Claude Lévi-Strauss : 'La Pensée Sauvage'

Anthropologist Claude Lévi-Strauss: dead at 100.

Anthropologist Claude Lévi-Strauss:
Making sense of la pensée sauvage

By Carl R. Hultberg / The Rag Blog / November 4, 2009

In French sauvage means wild, not necessarily savage. In our language savage means aggressive, a value judgment left over from centuries of exterminations.

Heathens, savages, primitive people, natives. All these words describe a certain section of humanity, but they all mean something different. If confusion about our ancestral past is the price we pay to be modern, then so called “primitive man” will always be a source of much uneasiness. After the period when natives must be displaced and killed off, what do we derive from our relationship with them? Do we try in sad little ways to imitate their rituals at Boy Scout camp or on a football team?

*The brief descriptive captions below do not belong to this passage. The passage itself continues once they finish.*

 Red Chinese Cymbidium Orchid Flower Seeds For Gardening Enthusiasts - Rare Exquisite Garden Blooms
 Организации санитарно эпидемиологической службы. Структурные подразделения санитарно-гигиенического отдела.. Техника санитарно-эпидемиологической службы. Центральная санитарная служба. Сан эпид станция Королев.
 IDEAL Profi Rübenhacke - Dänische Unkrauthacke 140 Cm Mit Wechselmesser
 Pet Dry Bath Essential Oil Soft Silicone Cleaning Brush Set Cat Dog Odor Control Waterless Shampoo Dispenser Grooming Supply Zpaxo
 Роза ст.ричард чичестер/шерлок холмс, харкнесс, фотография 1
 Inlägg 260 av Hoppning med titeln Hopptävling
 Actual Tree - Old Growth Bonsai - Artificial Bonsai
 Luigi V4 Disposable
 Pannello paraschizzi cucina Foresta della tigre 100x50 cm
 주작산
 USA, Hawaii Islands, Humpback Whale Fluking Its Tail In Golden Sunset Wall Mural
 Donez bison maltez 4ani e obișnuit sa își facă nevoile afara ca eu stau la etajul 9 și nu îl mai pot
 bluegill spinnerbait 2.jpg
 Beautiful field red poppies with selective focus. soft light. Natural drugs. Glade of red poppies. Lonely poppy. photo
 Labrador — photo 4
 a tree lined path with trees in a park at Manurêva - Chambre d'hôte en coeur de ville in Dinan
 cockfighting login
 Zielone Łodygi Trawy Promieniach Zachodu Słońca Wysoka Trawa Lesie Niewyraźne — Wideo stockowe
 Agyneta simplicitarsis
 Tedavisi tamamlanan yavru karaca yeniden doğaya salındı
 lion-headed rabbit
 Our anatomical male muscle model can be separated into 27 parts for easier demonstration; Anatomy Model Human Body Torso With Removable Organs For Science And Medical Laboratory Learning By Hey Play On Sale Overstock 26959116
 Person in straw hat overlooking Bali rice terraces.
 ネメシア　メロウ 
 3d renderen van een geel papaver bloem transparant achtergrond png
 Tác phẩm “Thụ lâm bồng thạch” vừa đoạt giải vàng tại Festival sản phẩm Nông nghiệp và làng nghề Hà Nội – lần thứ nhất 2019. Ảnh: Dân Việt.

For years the details of primitive people’s lives were catalogued by observers, anthropologists. But it wasn’t until the 1950s that one of these anthropologists, a Frenchman working for the Rockefeller Foundation, began to draw parallels from all the studies that had been made worldwide.

Claude Lévi-Strauss in the Brazilian Amazon, 1936. Photo by Apic / Getty Images.

To Claude Lévi-Strauss, the mind of the “primitive” was not a disorganized collection of confused myths and superstitions, but was in its own way searching for objective reality like all the rest of us. And the vast collection of mythology collected around the world from these types of populations could be catalogued and searched over for commonalities.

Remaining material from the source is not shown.